3.11 Debugging tricks

Useful command‑line options: --syntax-check – validate YAML syntax. --list-hosts – show which hosts will be targeted. --list-tasks – list all tasks. --check – run in dry‑run mode (not supported by shell / command). --step – pause before each task. -vvv – increase verbosity.

3.12 Common pitfalls

YAML indentation must use spaces, not tabs.

Every task should have a name for readability.

Maintain idempotence – running a playbook repeatedly should produce the same result.

Never store plain‑text secrets; use ansible-vault to encrypt them.

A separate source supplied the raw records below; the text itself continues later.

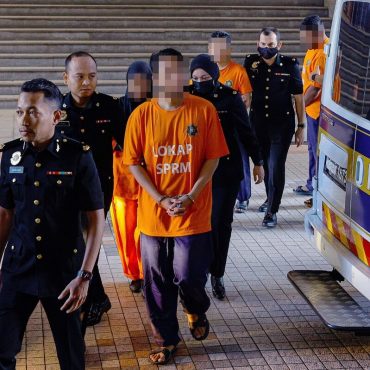 SPRM Beku 20 Akaun Bernilai RM740,000 Milik Pasangan 'Influencer'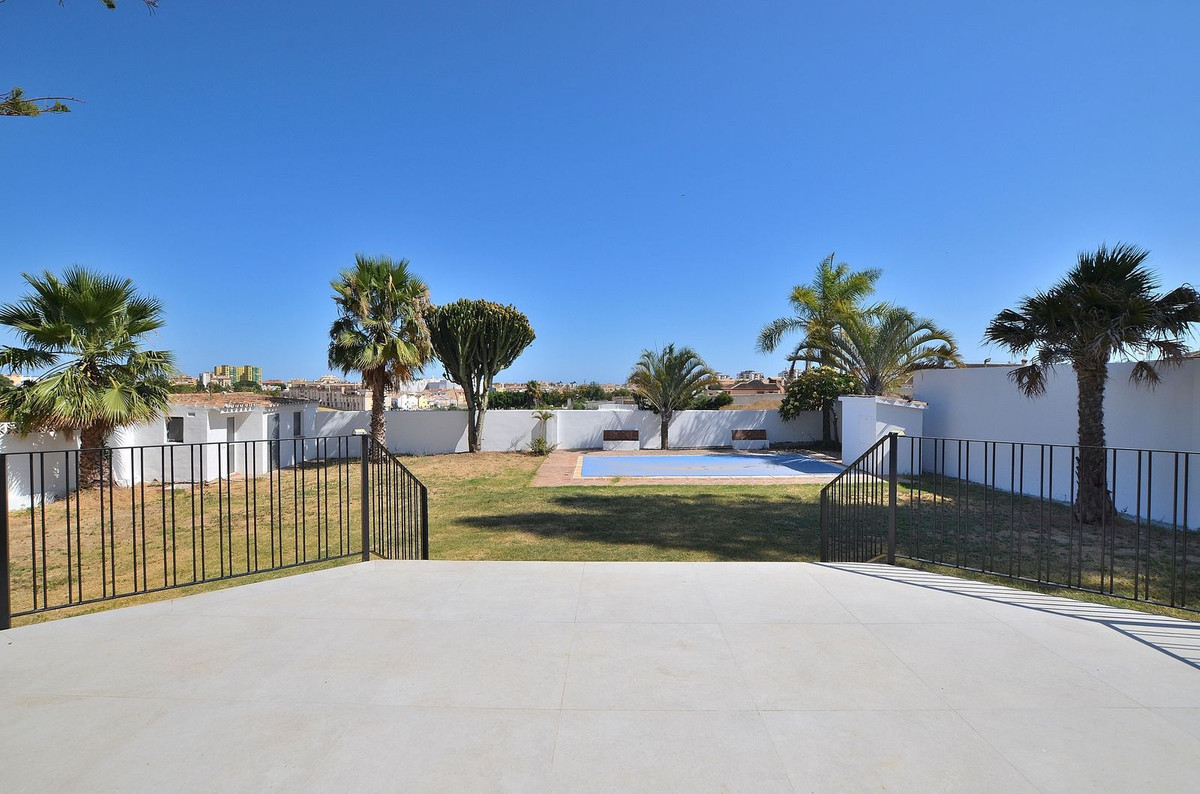 5 Bed Townhouse for sale in El Coto Costa Del Sol, Málaga, Spain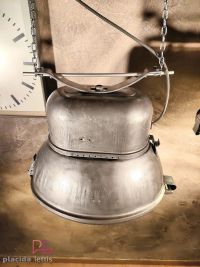Lampada a sospensione vintage originale a mezzo uovo, Polonia anni '70 – miniatura 10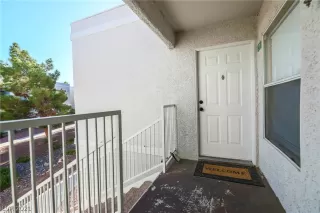 Photo #5: 2294395 Listing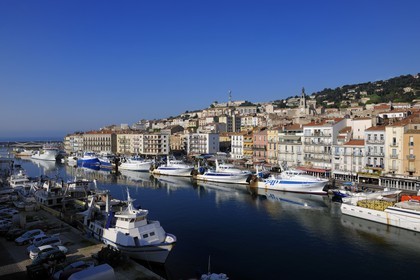 France, Hérault (34), Sète, canal Royal, thonier à quai au pied du Mont Saint-Clair et de l’église décanale saint Louis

Prefix variable names to avoid collisions (e.g., nginx_port).

Handler names must be unique across the entire play.

Use the .j2 suffix for Jinja2 templates.

In summary, the article covers the three core Ansible configuration files, provides practical tips for ansible.cfg , demonstrates how to manage inventories of any size, and walks through building robust, maintainable Playbooks with variables, conditionals, loops, handlers, tags, blocks, and roles.